What are some of the possible benefits of turning to a water rower instead of a traditional rower?
First of all, we need to consider why there is water in the first place. The water helps to provide a more realistic form of resistance as the paddles hit the water in the container. The idea here is that it is essentially like training on the water with the feeling of the oars against the waves. There is a sense of realism here that can be very useful for those that row professionally and wish to improve their form during the winter months. It can be all too easy to take a step back from rowing and training when the seas are rough and the weather is wet and cold. Here you can get a similar feeling at home for year-round training. This could give teams an edge over competitors that don’t think to do anything similar with their own training regime.
Aside from the competitive angle of these water rowers, there are also users that feel that they get a more relaxing session with water rowers. There is something calming about the rhythmic nature of the motions and the noise of the water. Many prefer it to the mechanical whirs of the traditional belt drives and the beeps of the machinery. This meditative state can help users work at a steady, comfortable rate for a long time. In turn, this can improve the effectiveness of the session and the gains made.
There is also a natural approach to the design of these machines that goes beyond the use of water. You don’t have to plug these products into an electrical outlet to gain any benefits. There is nothing beyond the water, the motion of the seat and pulley system and the wooden frame. This means a quiet, minimalist experience where you can set the machine up pretty much anywhere in the home.

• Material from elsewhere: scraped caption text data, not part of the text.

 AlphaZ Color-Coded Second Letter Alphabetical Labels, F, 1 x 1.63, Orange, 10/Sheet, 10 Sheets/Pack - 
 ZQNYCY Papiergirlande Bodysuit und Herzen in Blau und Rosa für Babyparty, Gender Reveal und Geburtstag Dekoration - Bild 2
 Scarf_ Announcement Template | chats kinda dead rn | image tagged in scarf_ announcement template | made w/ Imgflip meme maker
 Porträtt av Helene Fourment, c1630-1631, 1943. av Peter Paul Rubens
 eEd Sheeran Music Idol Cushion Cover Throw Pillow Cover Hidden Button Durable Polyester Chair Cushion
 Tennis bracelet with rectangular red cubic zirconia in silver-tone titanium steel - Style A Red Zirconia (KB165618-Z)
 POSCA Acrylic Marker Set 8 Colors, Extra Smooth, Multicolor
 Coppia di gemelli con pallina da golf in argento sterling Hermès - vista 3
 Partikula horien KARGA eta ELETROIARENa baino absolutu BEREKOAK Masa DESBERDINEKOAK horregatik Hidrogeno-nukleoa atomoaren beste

However, there will be some fitness fanatics reading this that see some flaws in this approach
If you take away too much of the software and electronic settings and displays, you could miss out on some benefits. For example, a smart, electronic rower will allow you to adapt the resistance with greater ease than a water rower. You can find the opposite of that one-note rhythm to push yourself further. The programming may allow for more options while the console gives a much better indications of your progress. A drawback of some of those water rowers is that the console is often little more than a tiny battery-powered system with the most basic data. There are shinier, smarter options out there for those that seek a little more diversity.
Then there are potential issues regarding the practical nature of water rowers in your home or home gym. Are you prepared to change the water as often as needed? How important is it to find a machine that folds away from storage? Some of the attractive wooden machines with their cherry and walnut frames won’t be able to do this.
It all comes down to finding the best machine for the experience that you want
Do you want a rower that will provide a diverse set of options and data streams to enhance a wider exercise regime? Or, are you looking for a machine that is built for actual rowing training and offers an enjoyable experience? If you want the former, it is best to search for a rower that has a focus on the programs and settings rather than the basic motion and resistance settings.
If you want to improve your training regime for the real thing, consider the benefits of the water rower instead. Look at the construction of the machine from the wood used in the frame to the quality of the water container and the smooth finish on the rail. If you are going to pay more for a water rower then it is worthwhile looking at those quality, attractive options. Read the user reviews to get a better idea of the experience of actual rowers. Do they like the feel? Is there enough resistance? Is it easy to set up and maintain?
If you are looking for a traditional, electronic system instead, look at the console, the programing and the adaptations in the machine. Look for the model with the most effective, interesting system within your budget.
Choose the approach that best suits your needs
In the end, because there are clear pros and cons to each option, there is no clear favorite. Water rowers are loved by a specific group of users with clear goals in mind. It is as much about aesthetics and quality and the gains from the session. This meditative approach won’t suit everyone. But, it is worth considering if you are fed up with the superfluous feature, incessant beeping and the cold feel of your traditional rower.